WHAT YOU WILL DO: Could you repeat the entries below exactly, but only from the line with "Pink toy truck" through the line with "Editable Baby Shower", and without any picture?

RECORDS PROVIDED:
- Opening Delimiter -

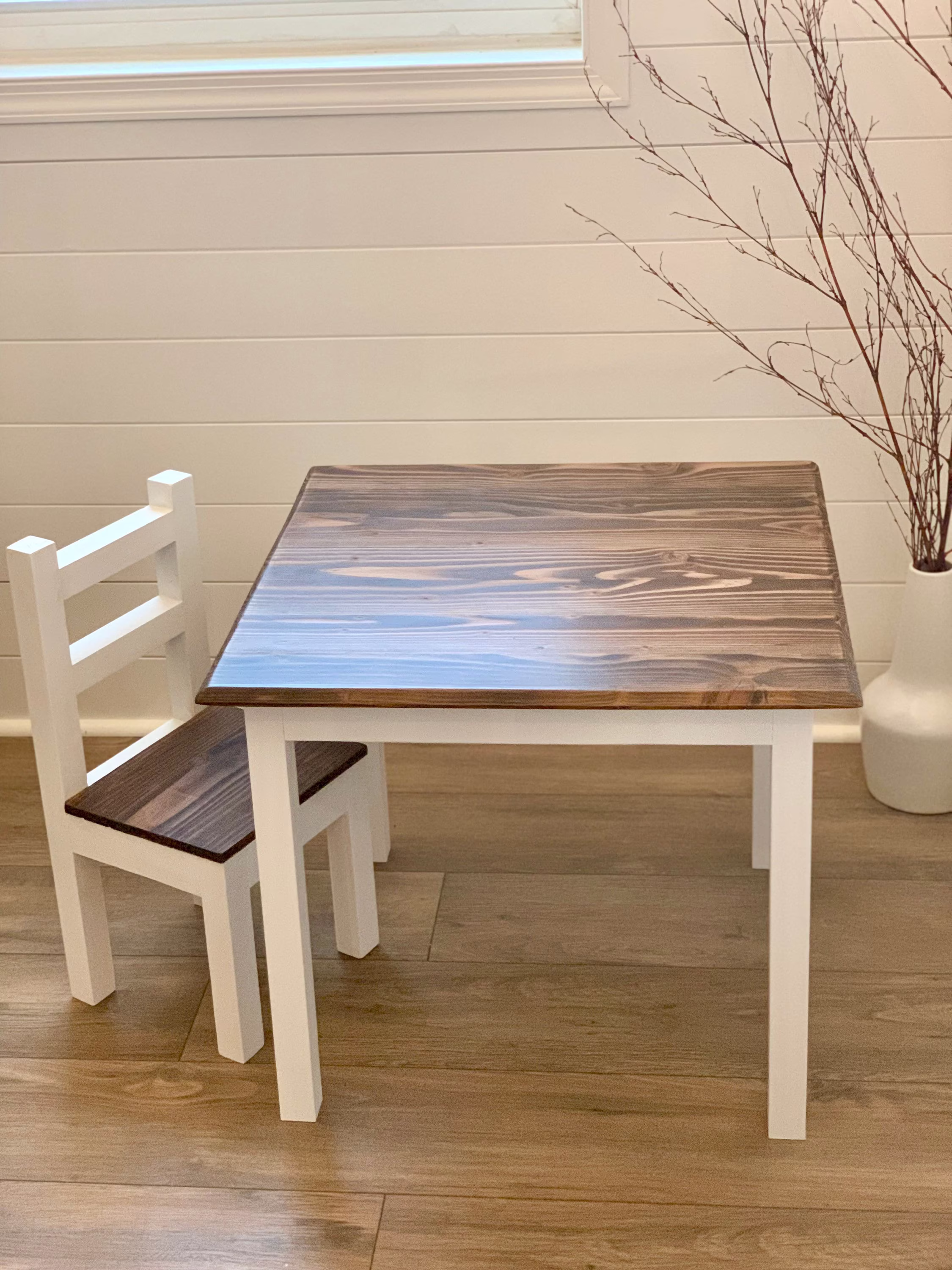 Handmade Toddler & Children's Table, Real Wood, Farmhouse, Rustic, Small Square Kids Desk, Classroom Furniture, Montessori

- Closing Delimiter -
- Opening Delimiter -

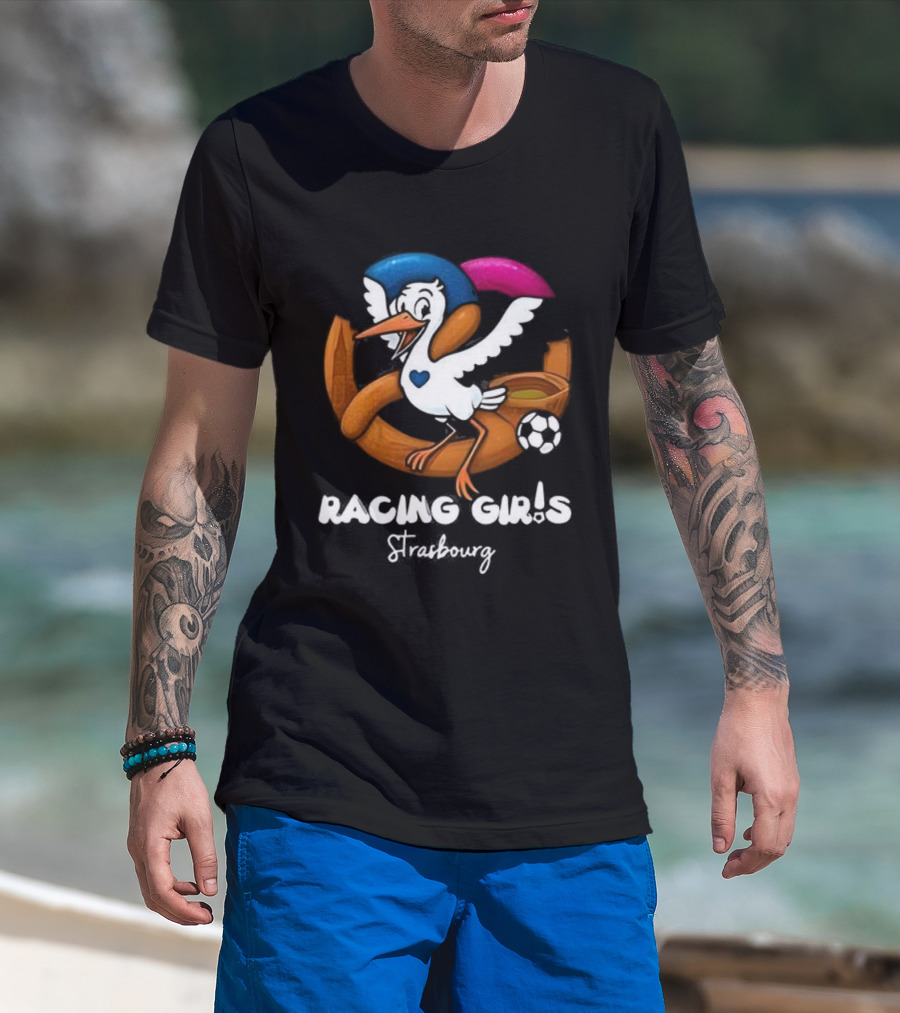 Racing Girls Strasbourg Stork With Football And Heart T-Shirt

- Closing Delimiter -
- Opening Delimiter -

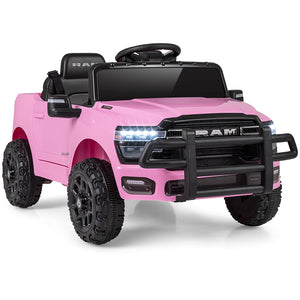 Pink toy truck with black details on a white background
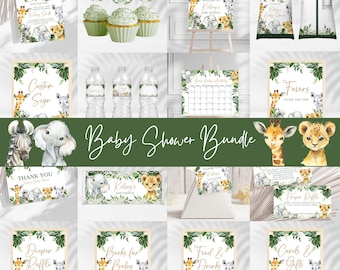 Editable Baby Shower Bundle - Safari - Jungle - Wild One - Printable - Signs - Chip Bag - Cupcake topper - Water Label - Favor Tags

- Closing Delimiter -

TASK ANSWER:
 Pink toy truck with black details on a white background
 Editable Baby Shower Bundle - Safari - Jungle - Wild One - Printable - Signs - Chip Bag - Cupcake topper - Water Label - Favor Tags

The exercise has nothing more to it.